No melhor dos mundos, funcionaria assim: pessoas com bolsos e consciência ambiental profundos -a ponto de dispor de US$ 500 mil a US$ 1 milhão para tornar seus ideais realidade, e de quebra imortalizar o próprio nome- podem pagar a Roosmalen para que ele, quando publicar a descrição científica, batize a espécie em homenagem ao doador.
Ocorre que a Amazônia não é o melhor dos mundos. Não é preciso ser vidente para enxergar que deve dar bode um "estrangeiro" (na realidade, um pesquisador contratado do Inpa) vender para outros prováveis "gringos" o nome de macacos brasileiros, ainda por cima comprando grandes extensões de terra.

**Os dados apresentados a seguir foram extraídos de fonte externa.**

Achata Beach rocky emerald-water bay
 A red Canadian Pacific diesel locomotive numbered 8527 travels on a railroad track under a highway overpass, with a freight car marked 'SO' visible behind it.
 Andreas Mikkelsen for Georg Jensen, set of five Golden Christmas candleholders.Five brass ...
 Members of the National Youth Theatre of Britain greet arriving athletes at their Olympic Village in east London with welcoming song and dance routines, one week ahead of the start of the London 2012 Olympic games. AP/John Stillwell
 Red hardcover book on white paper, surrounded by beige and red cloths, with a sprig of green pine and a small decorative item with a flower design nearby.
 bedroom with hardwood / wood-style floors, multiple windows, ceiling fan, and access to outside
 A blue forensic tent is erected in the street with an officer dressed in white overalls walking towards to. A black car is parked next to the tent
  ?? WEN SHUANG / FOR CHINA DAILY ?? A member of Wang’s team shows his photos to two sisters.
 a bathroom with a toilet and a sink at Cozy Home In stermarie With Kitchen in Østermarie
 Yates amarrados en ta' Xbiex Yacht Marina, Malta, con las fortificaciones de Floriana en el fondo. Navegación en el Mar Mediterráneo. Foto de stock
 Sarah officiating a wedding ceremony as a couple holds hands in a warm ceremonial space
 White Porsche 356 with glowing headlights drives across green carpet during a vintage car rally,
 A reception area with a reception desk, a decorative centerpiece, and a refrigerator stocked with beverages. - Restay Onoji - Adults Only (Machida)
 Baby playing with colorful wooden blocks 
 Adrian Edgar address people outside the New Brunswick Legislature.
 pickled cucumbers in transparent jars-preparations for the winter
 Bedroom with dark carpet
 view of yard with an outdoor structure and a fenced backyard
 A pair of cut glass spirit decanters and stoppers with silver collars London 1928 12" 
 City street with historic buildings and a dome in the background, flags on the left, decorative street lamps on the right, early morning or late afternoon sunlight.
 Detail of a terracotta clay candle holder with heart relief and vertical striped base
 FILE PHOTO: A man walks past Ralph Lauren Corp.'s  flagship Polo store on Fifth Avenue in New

Nenhum negócio teria sido fechado, ainda. Os 150 km2 de uma RPPN em processo de formação no município de Novo Aripuanã (AM), que deverão proteger o macaco Callicebus bernhardi, foram adquiridos com recursos doados pelo príncipe Bernardo, da Holanda. Segundo Roosmalen, o primata foi batizado antes da doação, após o príncipe distingui-lo com o prêmio Arca de Ouro em 1997. Outras espécies já foram nomeadas em homenagem a pessoas de suas relações, como Russell Mittermeier, primatologista e dirigente da organização não-governamental Conservation International (CI), e o ilustrador Stephen Nash.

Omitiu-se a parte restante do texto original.